Roman de Grégoire Delacourt.
Peut-être qu’avec ce livre, Grégoire Delacourt sera enfin et sans ambiguïté arraché au sous-genre des tartufferies romanesques formatées « feelgood » dans lequel certains essaient encore de l’enfoncer.
La nuit particulière est un beau roman nocturne, car il faut beaucoup d’obscurité pour que brillent les étoiles. Elles sont deux à se partager le livre, Aurore et Simeone. Mais ce sont deux astres absents qui les embrasent et les consument : Olivier et Marie.
Grégoire Delacourt fait dire à Aurore : « Je me demande si on aime l’autre ou ce qu’il remplit de vide en nous. »
Un écho à la formule : « L’homme se compose de ce qu’il a et de ce qui lui manque » (Ortega y Gasset). Et c’est toujours ce qui nous manque qui importe le plus. Aurore et Simeone sont en grand manque. « Je suis encastrée en lui. » dit Aurore à propos d’Olivier. Sauf qu’une encastrée peut être désencastrée. De force. Et ça fait mal.
Lao Tseu enseigne : « Celui qui a inventé le bateau a aussi inventé le naufrage. »
En amour – pour connaître l’amour – il faut s’aventurer en haute mer et défier le naufrage. Sinon ce n’est que du cabotage. Badinage, chansonnettes : « Poussez, poussez l’escarpolette« , « Que je t’aime, que je t’aime ». Coquillages et crustacés, idylles, et vino spumante.

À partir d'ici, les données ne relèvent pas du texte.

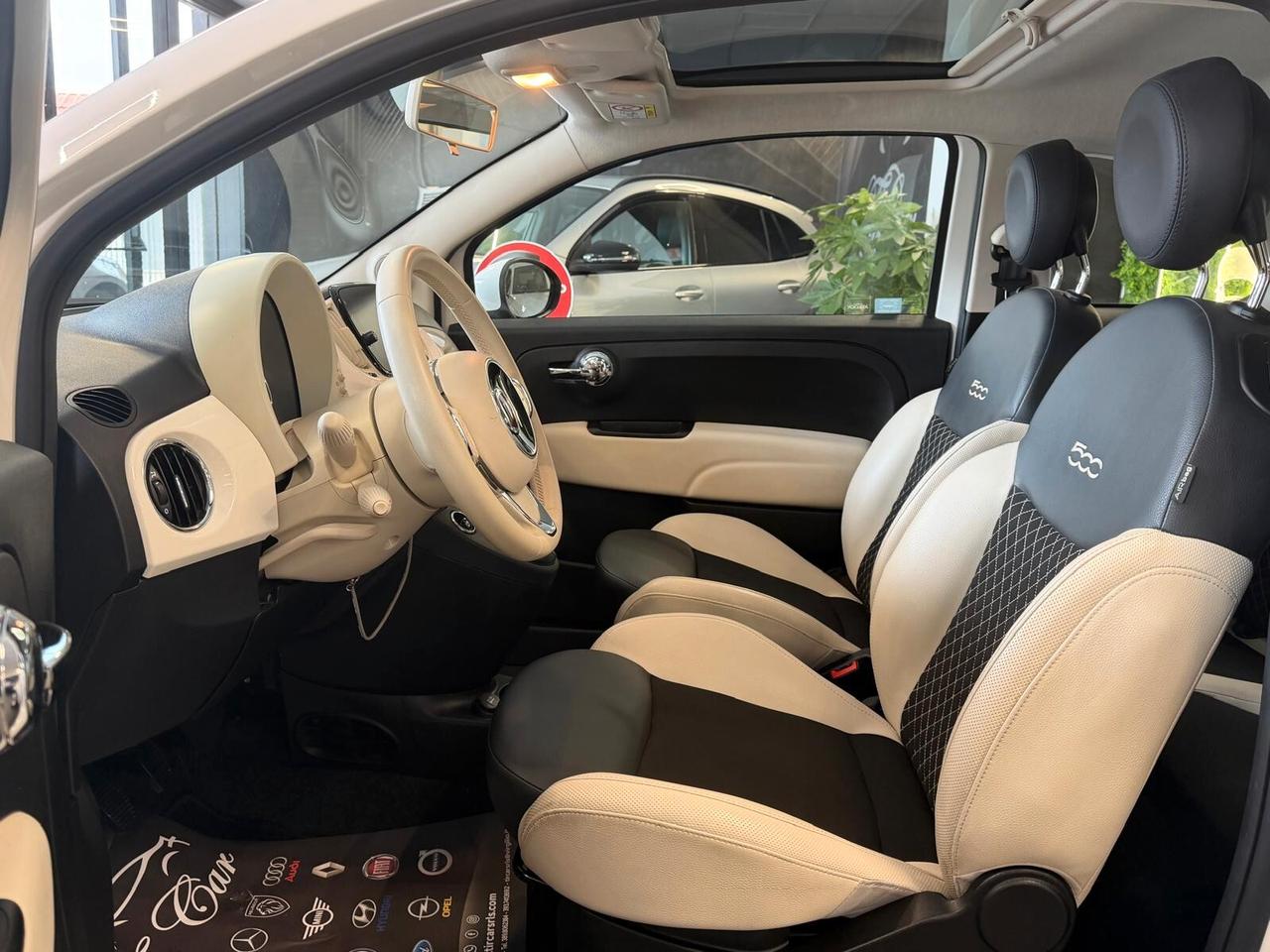 FIAT 500 DOLCEVITA 1.0 70CV HYBRID PELLE TETTO OK NEOPATENTATI ANNO 2022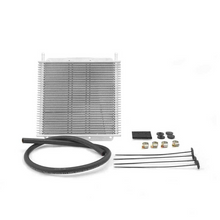 Load image into Gallery viewer, Universal Trans Oil Cooler Kit - 280 x 255 x 19mm (3/8&quot; Hose Barb)
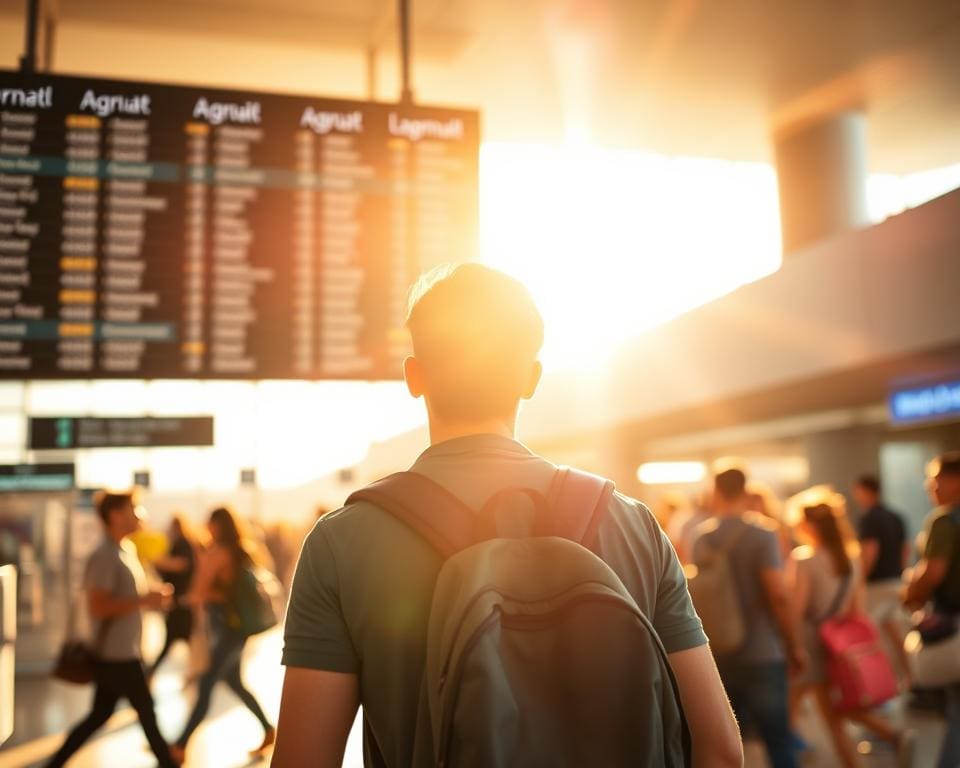 Hoe vlieg je met alleen een rugzak naar Portugal?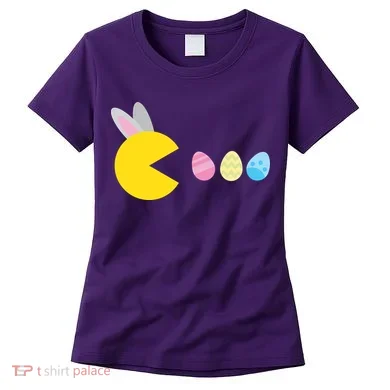 Retro Easter Egg Hunt Game Women's T-Shirt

Parfois des averses. Parfois un orage. Souvent quelques larmes. L’amour, le vrai, le grand, appelle le tragique.
La nuit particulière pourrait être sombre, pesante et sinistre. C’est une belle nuit. Une nuit étoilée. La beauté des tragédies est précisément qu’elles échappent au ridicule du dramatique. Grégoire Delacourt a écrit un brasero intense, sobre, aérien, porté par le souffle, avec l’espace pour des étincelles et quelques apnées. Du Schubert, vous dis-je.
Cela se passe en l’espace d’une nuit à Paris. Paris, ville lumière, longues marches, hôtel chic place Dauphine, bar cossu place des Vosges… Mais cela aurait pu être Clermont-Ferrand ou Roubaix. Moi, je me suis fait le film version Desplechin.